From: Neil Brown <neilb@suse.de>
To: "J. Bruce Fields" <bfields@fieldses.org>
Cc: Trond Myklebust <trond.myklebust@fys.uio.no>, linux-nfs@vger.kernel.org
Subject: Re: Thoughts about cache consistency and directories in particular.
Date: Sat, 21 Feb 2009 08:04:38 +1100 [thread overview]
Message-ID: <18847.6886.50844.260910@notabene.brown> (raw)
In-Reply-To: message from J. Bruce Fields on Friday February 20
On Friday February 20, bfields@fieldses.org wrote:
> On Sat, Feb 21, 2009 at 06:47:58AM +1100, Neil Brown wrote:
> >
> > I cannot see how there is a regression here. Subsequent getattrs will
> > show all modifications (if you wait at least one second).
> > The first gettattr returns '-0.000000001', which is different from any
> > previously returned mtime.
> > Any subsequent getattr will return 0.999999999 or 1, depending on when
> > it arrives.
>
> Sorry, I guess I misread "smallest difference that can be reported by
> the protocol" as "smallest difference supported by the filesystem"!
>
> The former is currently *always* smaller than the latter, so you're
> reporting an mtime that will never arise in any other way. So you're
> right, this results in strictly more cache revalidations in every case.
>
> It may turn out that this mtime-1 case ends up being the typical case,
> since a single logical file modification may appear as multiple writes
> on the server, and those are likely to come in rapid succession.

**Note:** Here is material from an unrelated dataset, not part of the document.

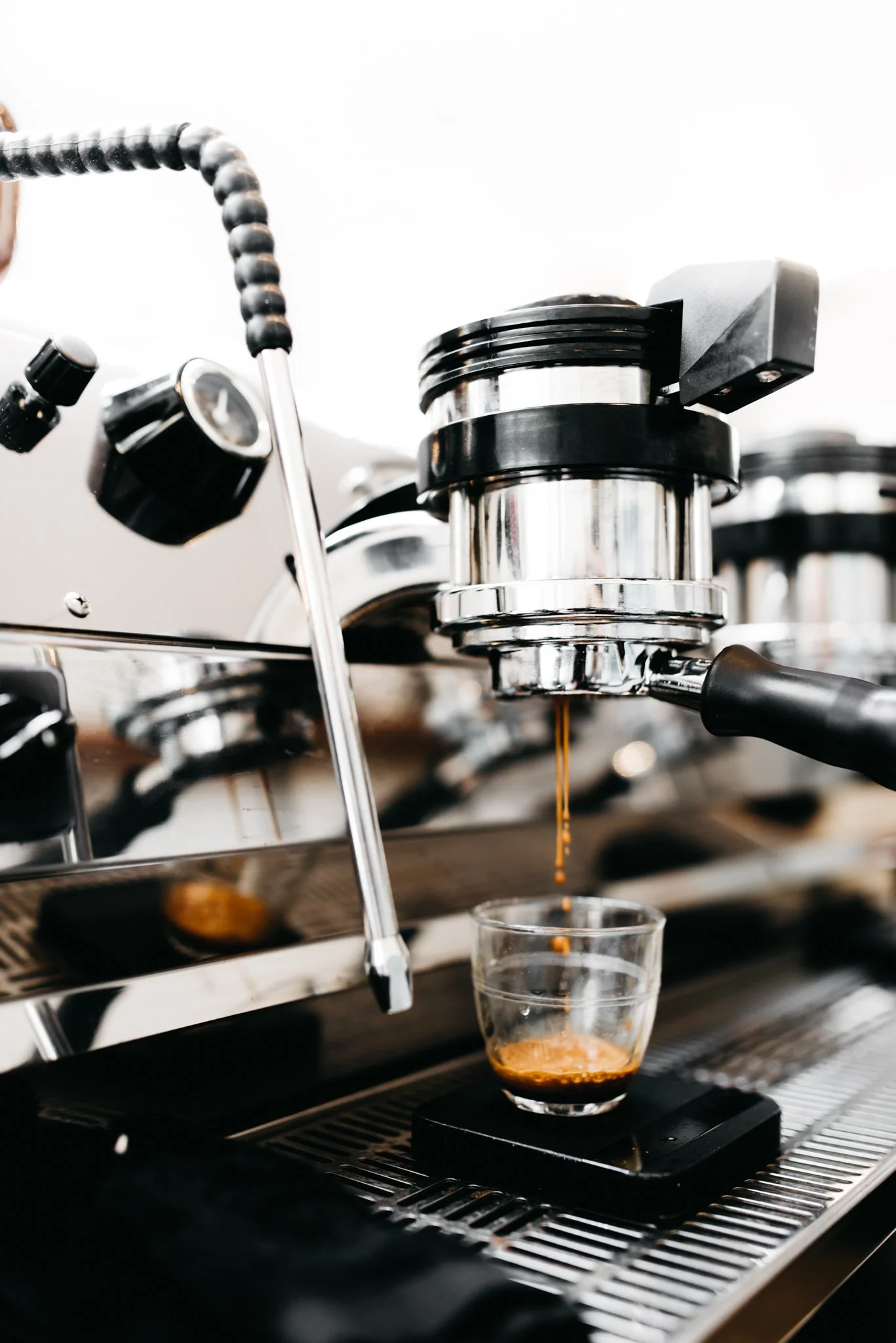 Espresso machine brewing coffee into a glass cup.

When you look at a file that is changing, yes. When you look at a
file that hasn't changed for a while, you just get normal mtime.
>
> A "make" that takes less than one second, on an ext3 export, may result
> in targets with earlier mtimes than sources.
No. If they were both changed in the last second, they will both have
1 nanosecond subtracted from the mtime, so they will still look like
they have the same mtime.
>
> (Why not mtime+1? And why not ctime?)
Not "mtime + 1" because mtime should normally be monotonically
increasing.
If you touch a file into the future, then when that moment comes, its
mtime will jump backwards 1 nanosecond, then jump forwards again. But
I don't think that is a problem.
Why not what ctime?
I agree with Trond that we need to apply this adjustment to ctime too.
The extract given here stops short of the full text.